### WHAT THIS TASK INVOLVES
No pictures go into the copy. Write out exactly the lines below from the one containing "Fire Pit, Games" through the one containing "6084 Amador Place Property Photo 24".

RECORD EXCERPTS START

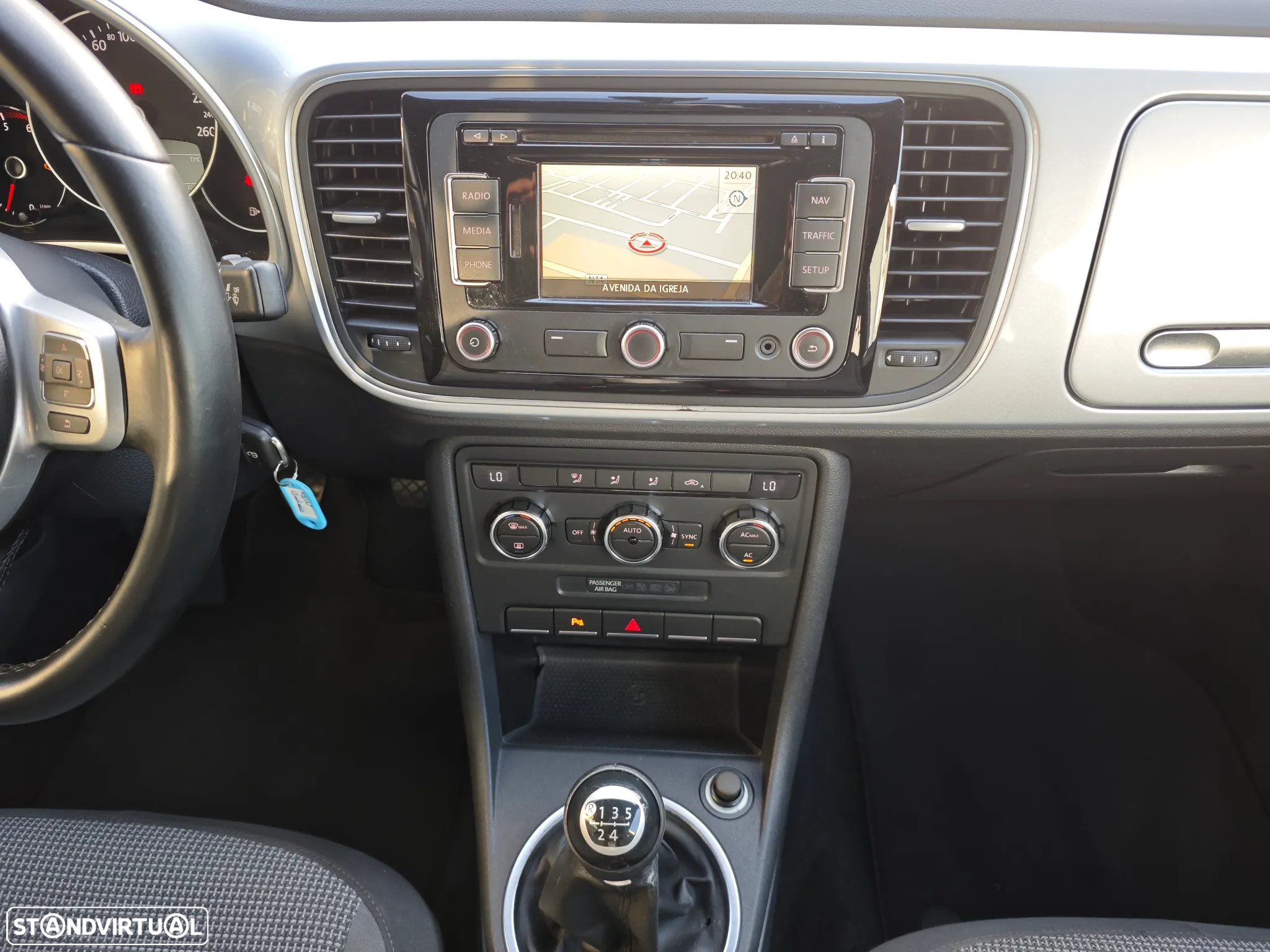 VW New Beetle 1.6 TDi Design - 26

RECORD EXCERPTS END
RECORD EXCERPTS START

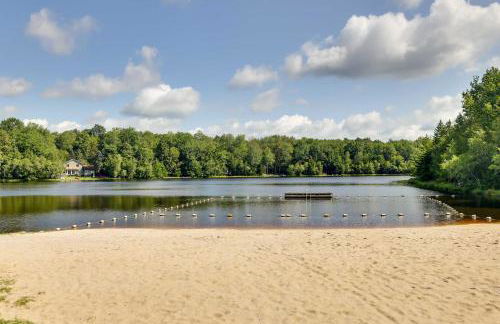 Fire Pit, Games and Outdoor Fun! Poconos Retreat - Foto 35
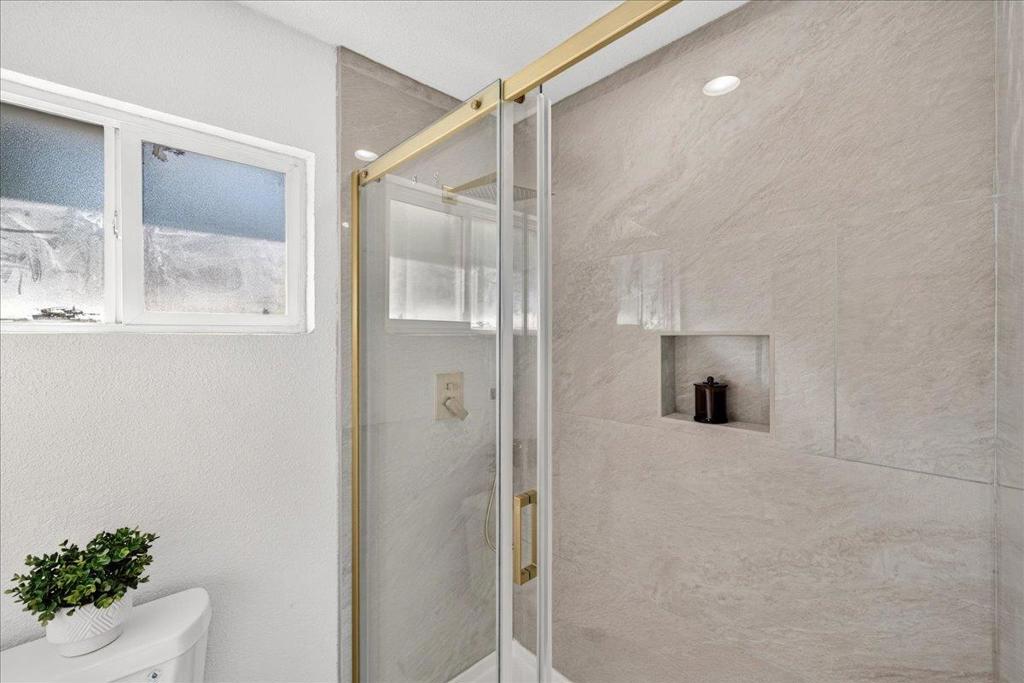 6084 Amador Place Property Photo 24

RECORD EXCERPTS END

### EXERCISE OUTPUT
 Fire Pit, Games and Outdoor Fun! Poconos Retreat - Foto 35
 6084 Amador Place Property Photo 24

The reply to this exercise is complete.